Wanting to buy a monochromatic planetary camera, I thought I could use the ROI mode to increase the fps and, in order to better understand the FOV, I went on Stellarium (I chose Jupiter as the planet to shoot, being the bigger) and entered the telescope and sensors measures. And so far so good.

 

From now on I refer to a practical example to make a better idea of my final doubt.

 

  • I'm using a Meade 12" ACF f/10 (D = 304.8mm - FL = 3048mm) from this I know that the theoretical maximum magnification is ~2.5xD = 760x;
  • my theoretical optimal sampling in the visible band (~550nm) is 0.121"/pixel (to be able to apply the Nyquist criterion);
  • the chosen camera is a QHY5L-II because the 3.75um pixels offer me (with a 2x barlow) a resulting sampling of 0.126"/pixel (the closest to the theoretically calculated one);
  • the maximum resolution I can aspire to, determined by the average of local turbulence, is around 2".

 

All that said, to calculate the FOV, given the maximum resolution of (1280x960)pixels of the camera, I calculate the size of the chip or (4.8x3.6)mm, therefore a diagonal of 6mm.

 

Now to calculate the 'corresponding magnification', instead of using the FL as usual for an eyepiece, here I use the diagonal just calculated and it comes out 508x considering there is the 2x barlow (always in order to achieve the optimal sampling), this becomes 1016x which is already much beyond the fateful maximum theoretical magnification allowed by my telescope, previously calculated, but it's still acceptable.

 

Now, however, at (1280x960)pixels, or at full resolution as you want, the camera in question takes a measly 30fps, very few!
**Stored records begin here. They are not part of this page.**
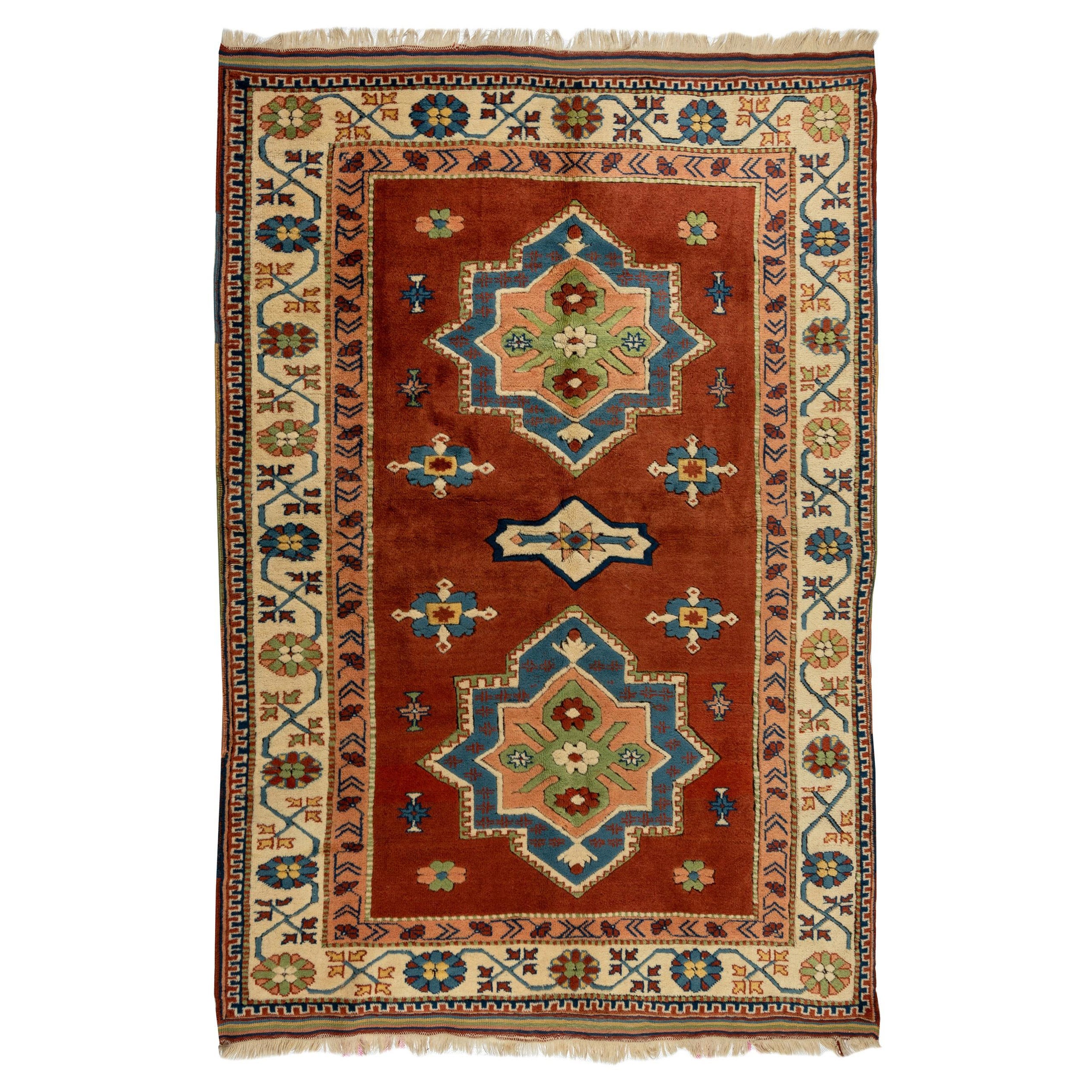 6x8 Ft New Hand Made Turkish Area Rug in Red & Beige. All Wool, Soft Medium Pile
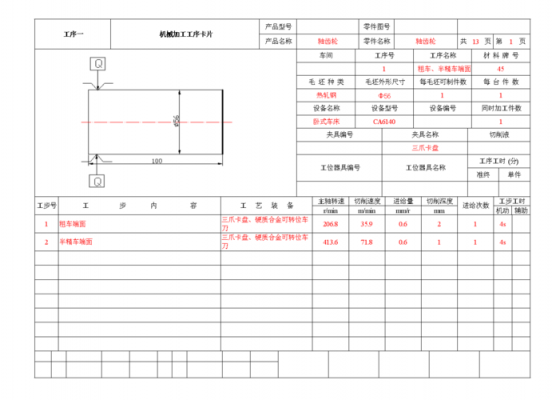 齿轮轴加工工序卡模板（齿轮轴机械加工工序卡片）-第1张图片-马瑞范文网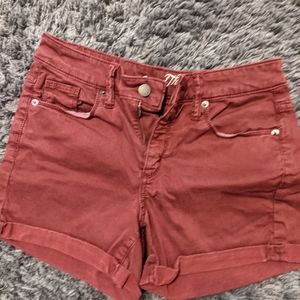 Burgundy jean shorts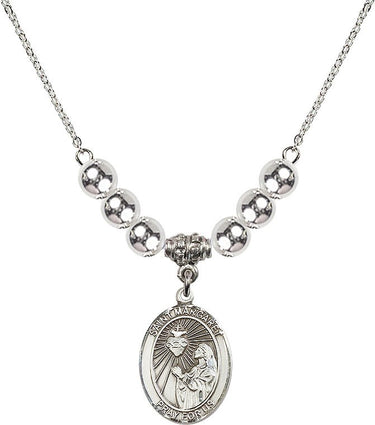 Collar de cristal de Santa Margarita María Alacoque | 1,9 cm | Cuentas de 6 mm | N32-8072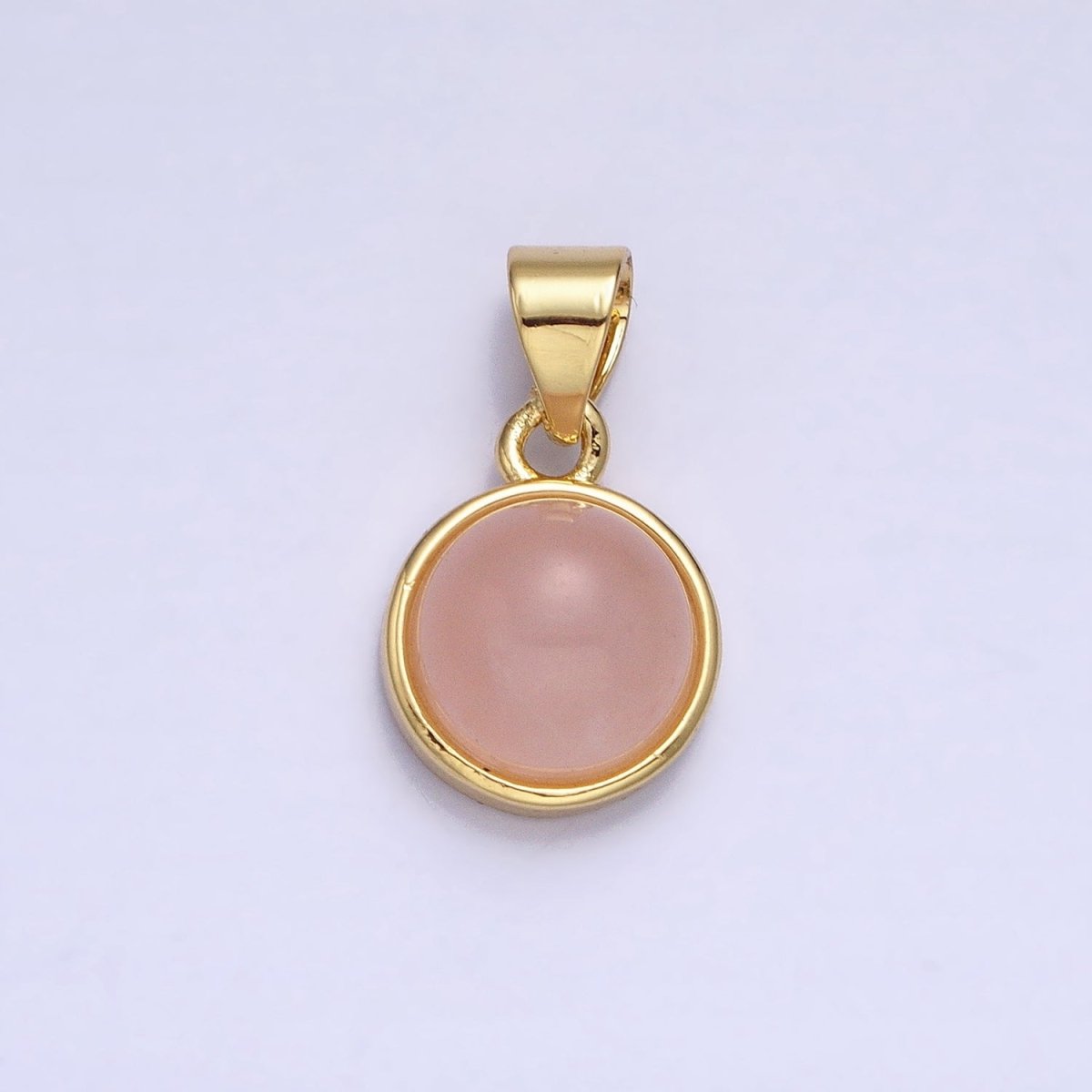 24K Gold Filled Rose Quartz, Aventurine, Labradorite, Blue Agate, Amethyst Round Pendant | AA195 - AA199 - DLUXCA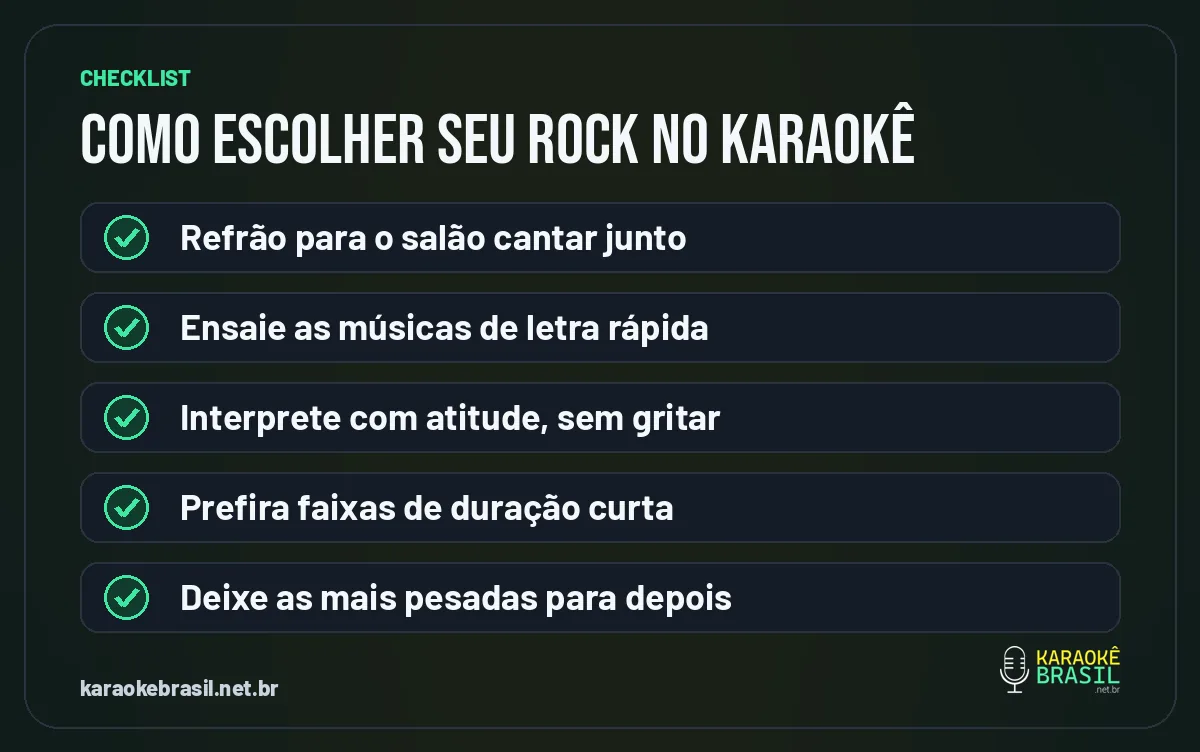 Checklist para escolher uma música de rock nacional no karaokê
So I take advantage of the smallest ROI available, looking for the right compromise on the one hand for the highest fps and on the other in order to get the captured planet, e.g. Jupiter, in the FOV.

 

Well, taking into account that Jupiter has an average angular diameter of 39.4" and that the sampling is 0.126"/pixel we immediately obtain ~(313x313)pixel which is therefore the minimum ROI to be adopted to get it in.

 

The problem is that the minimum resolution available for shooting with this camera is only 320x240 at 200 fps (for the height we are in, but not for the width) and so I have to opt for 640x480 even if this means going to only 80.4 fps...

 

But now the fun comes, because so far so good, or almost.

 

Using this lastest resolution I therefore go to calculate, as previously done, the corresponding 'magnification'  finding a diagonal of 3mm which leads to 1016x meaning 2032x with the barlow lens: definitely out of scale compared to the theoretical 760x.

 

Now you will tell me: "Just remove the barlow", but so the sampling is completely wrong, does this mean that I cannot use the ROI?

 

I've thought quite a lot about it, but I can't find a solution.

 

The first thing that came to my mind is that ROI is nothing more than a software tool and that, in essence, the actual sensor size doesn't change, but only the data of fewer pixels is transmitted at the output (even if, unfortunately, the increase of the fps is not proportional) and therefore it isn't necessary to recalculate the size of the sensor which always remains, in this case, of (4.8x3.6)mm. 

 

On the other hand, this means that if I initially take a much larger sensor (e.g. 1600MM Pro), with the same pixel size (3.75um) and the same ROI of (640x480)pixels, I will always frame a region of sky much larger than the QHY5L-II?

 

Maybe I'm getting lost in a glass of water, but this is where the doubts comes out because the reasoning seems counterintuitive and I hope someone could help me, thanks.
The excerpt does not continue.